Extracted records
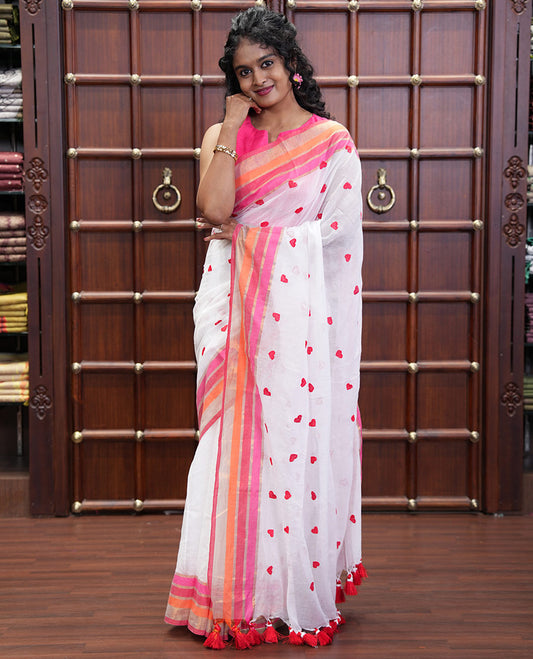 White Khadi Mul Cotton Saree, Artfully Designed Heart Motifs Embroidered on Its Body, Complemented by a Contrast Multi-Colored Striped Border, Pallu Steeped with Heart Motifs Embroidery, and Paired with a Matching Blouse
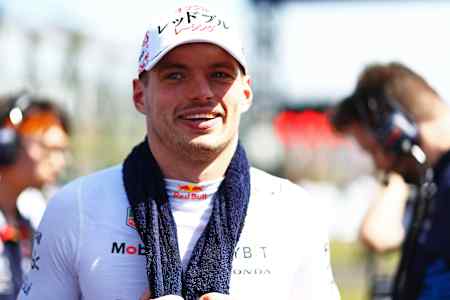 Max Verstappen with towel draped around neck as he looks onto the grid prior to the F1 Japan Grand Prix.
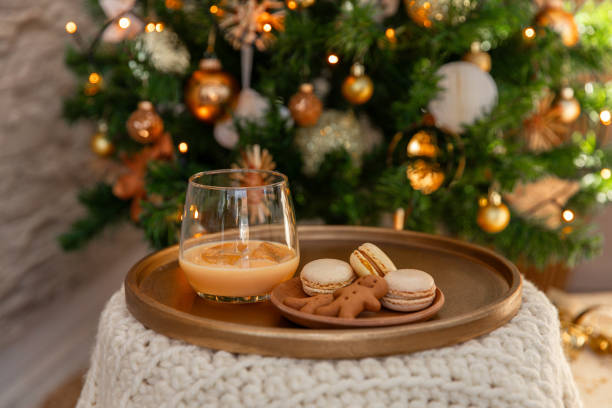 Eggnog Cream liqueur on festive Christmas table with cookies and decorations stock photo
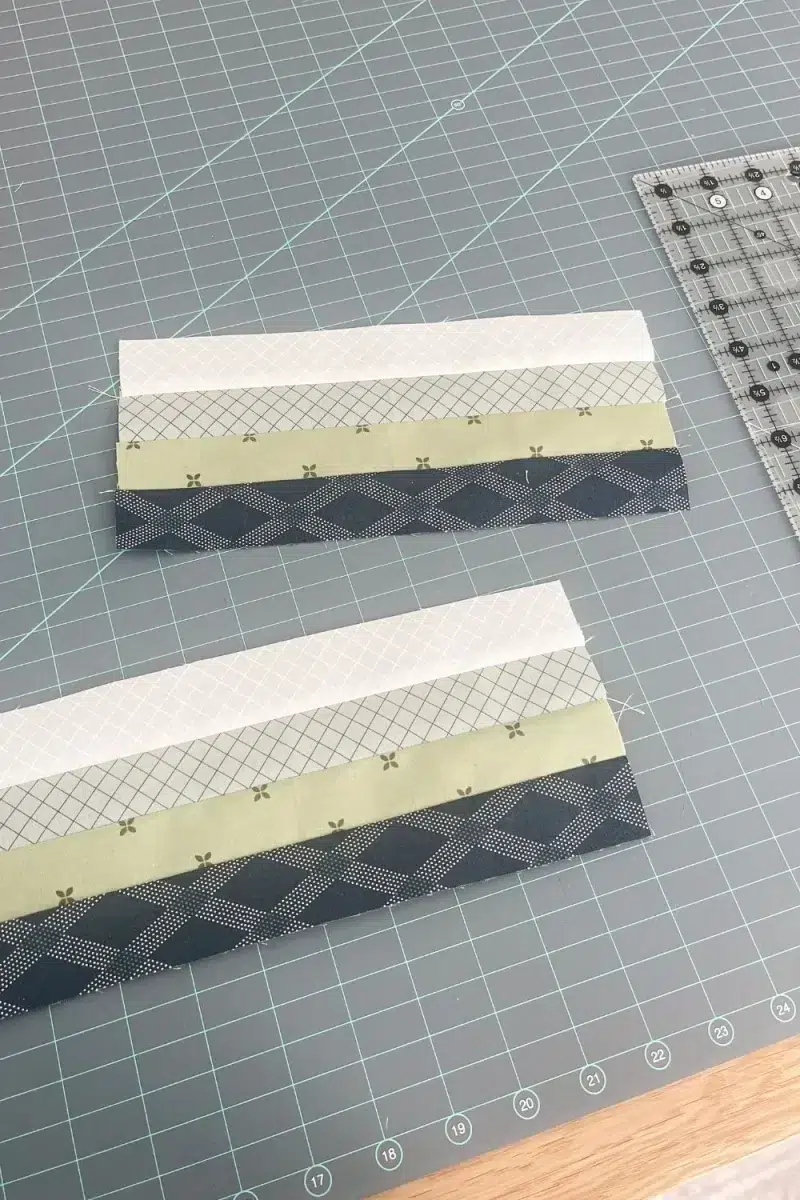Two strip sets of fabric ready to be cut to size.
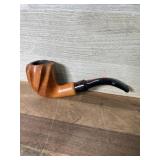 Light color carved pipe with clack stem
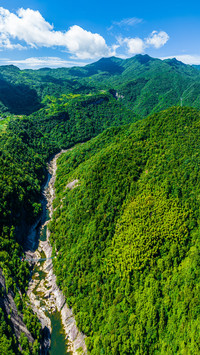 The yanzihe gorge is shrouded in mist and clouds
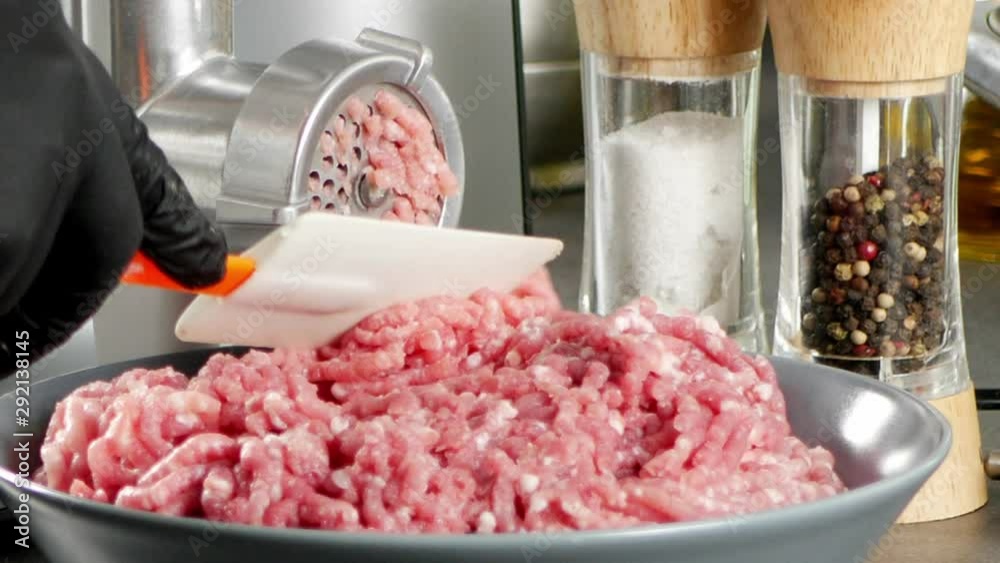 Grinding meat in a food processor. Removing excess meat. Grinding meat in a food processor. Removing excess meat.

▸ What is expected
Transcribe exactly, and only, the lines from the one with "Max Verstappen with" through the final line of the data above. The pictures stay out.

▸ Response to the task
 Max Verstappen with towel draped around neck as he looks onto the grid prior to the F1 Japan Grand Prix.
 Eggnog Cream liqueur on festive Christmas table with cookies and decorations stock photo
Two strip sets of fabric ready to be cut to size.
 Light color carved pipe with clack stem
 The yanzihe gorge is shrouded in mist and clouds
 Grinding meat in a food processor. Removing excess meat. Grinding meat in a food processor. Removing excess meat.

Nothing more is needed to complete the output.